The conventional wisdom does not always hold true. We writers, when we are starting out, are told, in no uncertain terms, to get right to the story. But what is the story. To some, it is the action. That is not really the story. Stories are about people. That’s all. Just about people.
So where does this wisdom come form? I don’t know, but I’m guessing that it is from bored readers who need to be enticed into reading a book. I’m not sure that it does any good. It has not always been the case. I’ve read enough pre-twentieth century literature to know that a lot of the older writing does spend time getting to the meat of the story.
What brought this up is that I have noticed that a great many movies that I have watched in the last couple of years do NOT start with some action. The story starts with the characters. We get to know them, the setting, their joys and/or their sorrows, before the story really gets going. Now, not all movies start off this way, but a surprising number of them do. What is true for these movies, is that you get involved with the characters almost immediately. The characters are what draw you into the fictional tale.

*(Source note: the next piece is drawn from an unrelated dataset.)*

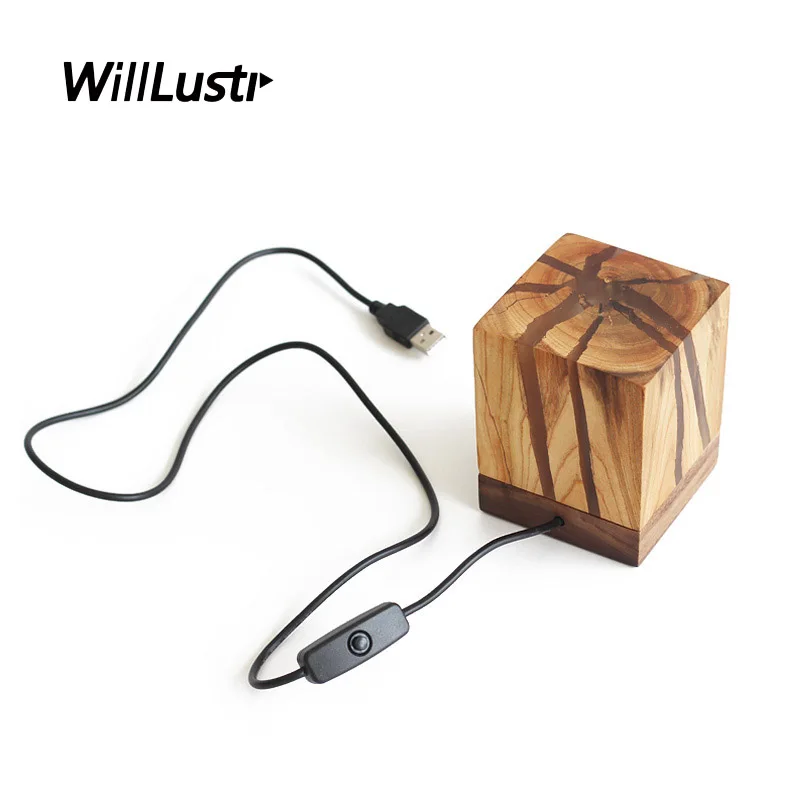 

Creative Cracked Wood Table Lamp Modern USB Night Light Hotel Cafe Bar Club Living Room Bedside Minimalist Wooden Desk Lighting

Now to apply this to writing, it is not easy to craft interesting character interactions and to instantly make the characters breathe and come off the page and into the imagination of the reader. An action scene is much easier and gets right to the conflict. Of course a written story can take the time to go back and fill in the gaps as you go, but I think it relates back to writing ability.
When do you start your story? When you can draw the reader in, either through action or characterization. You have to have something that will catch the reader and make them turn the page. It does not have to start at that crucial moment when the heart of the story start, but when you have agents asking to read the first five to ten pages in the submission process, it does not enhance the craft of writing. It makes it very mechanical.
That’s not to say I have not succumbed to the trend to start with the beginning of the action. I have. I probably will continue. But that does not always have to be the case. If you have the skill to craft believable, likable, and three-dimensional characters and can catch the readers on page one when the meat of your story may start a chapter or two later, then trust the reader.